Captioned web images

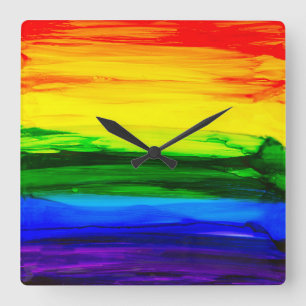 Horloge Carrée Encre d'alcool arc-en-ciel Abstraite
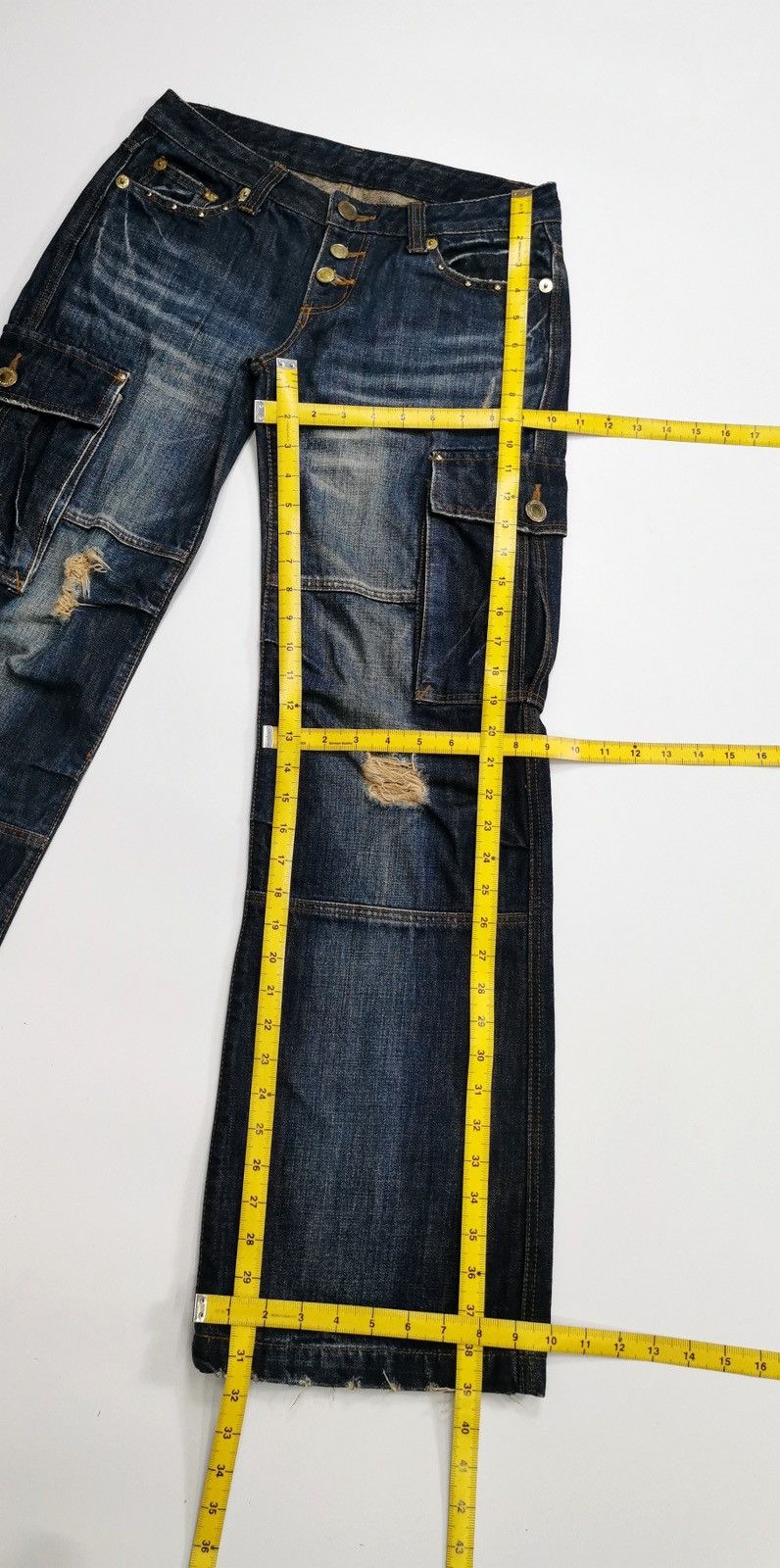 Japanese Brand Alice Parachute Distressed Cargo Denim Jeans Size 29" - 11 Thumbnail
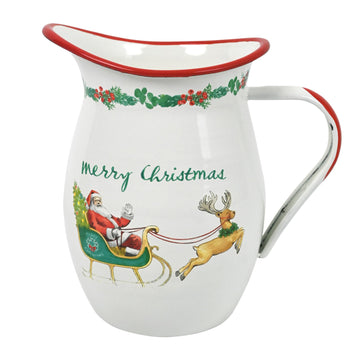 Z&Z Ornamentorum Santa Claus Enamel Pitcher, 33.8 Ounces, Red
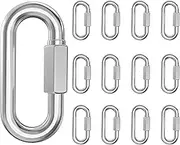 DRID (Made in USA) Stainless Steel Chain Quick Links Locking Carabiners, Chain Hooks Heavy Duty Chain Durable, Anti-Rust, Carabiner for Big Chain, Hammock Hanging, Camping 6-12-20-30 Pack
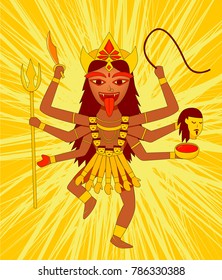 Kali on yellow background, vector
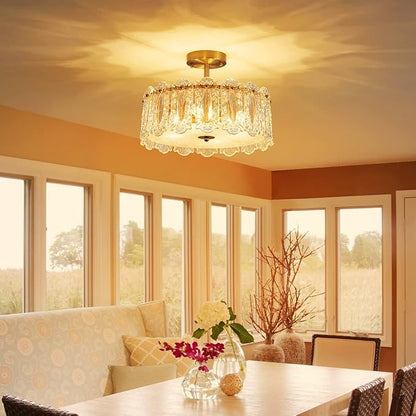 AGV LIGHTING Elegant Glass Chandelier Ceiling Light Fixture, Semi Flush Mount Ceiling Light for Bedroom, Modern Vintage Lighting, D15 x H10, Brass Gold Finish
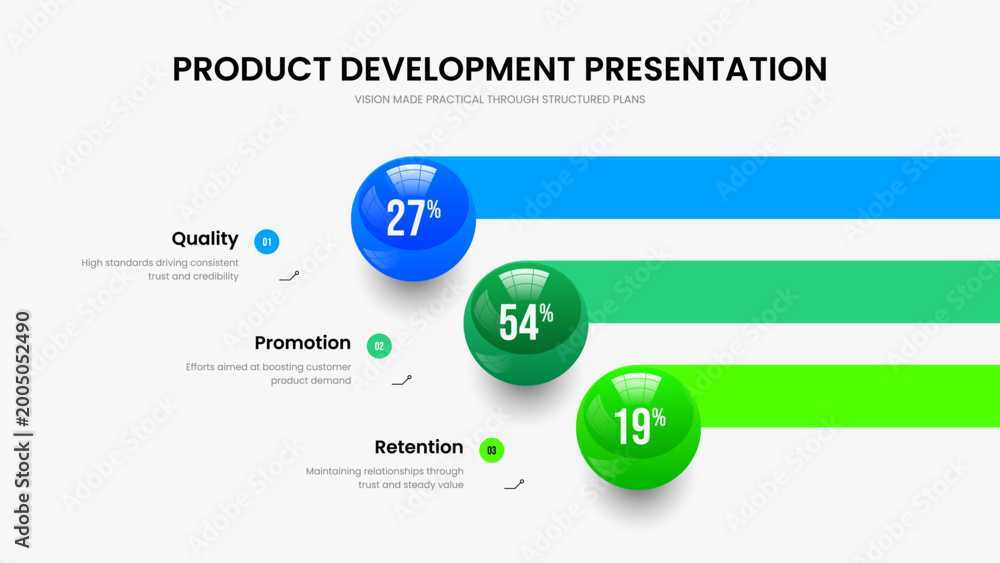 Fototapeta premium Creative Performance 3 Step Infographic Presentation Layout. Market Overview Slide Design Vector Illustration. Service Briefing Three Element Graph Frame Template.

• [TASK DESCRIPTION] Reproduce the data exactly, please, and omit its pictures.

• [TASK RESPONSE]
 Horloge Carrée Encre d'alcool arc-en-ciel Abstraite
 Japanese Brand Alice Parachute Distressed Cargo Denim Jeans Size 29" - 11 Thumbnail
 Z&Z Ornamentorum Santa Claus Enamel Pitcher, 33.8 Ounces, Red
 DRID (Made in USA) Stainless Steel Chain Quick Links Locking Carabiners, Chain Hooks Heavy Duty Chain Durable, Anti-Rust, Carabiner for Big Chain, Hammock Hanging, Camping 6-12-20-30 Pack
 Kali on yellow background, vector
 AGV LIGHTING Elegant Glass Chandelier Ceiling Light Fixture, Semi Flush Mount Ceiling Light for Bedroom, Modern Vintage Lighting, D15 x H10, Brass Gold Finish
 Fototapeta premium Creative Performance 3 Step Infographic Presentation Layout. Market Overview Slide Design Vector Illustration. Service Briefing Three Element Graph Frame Template.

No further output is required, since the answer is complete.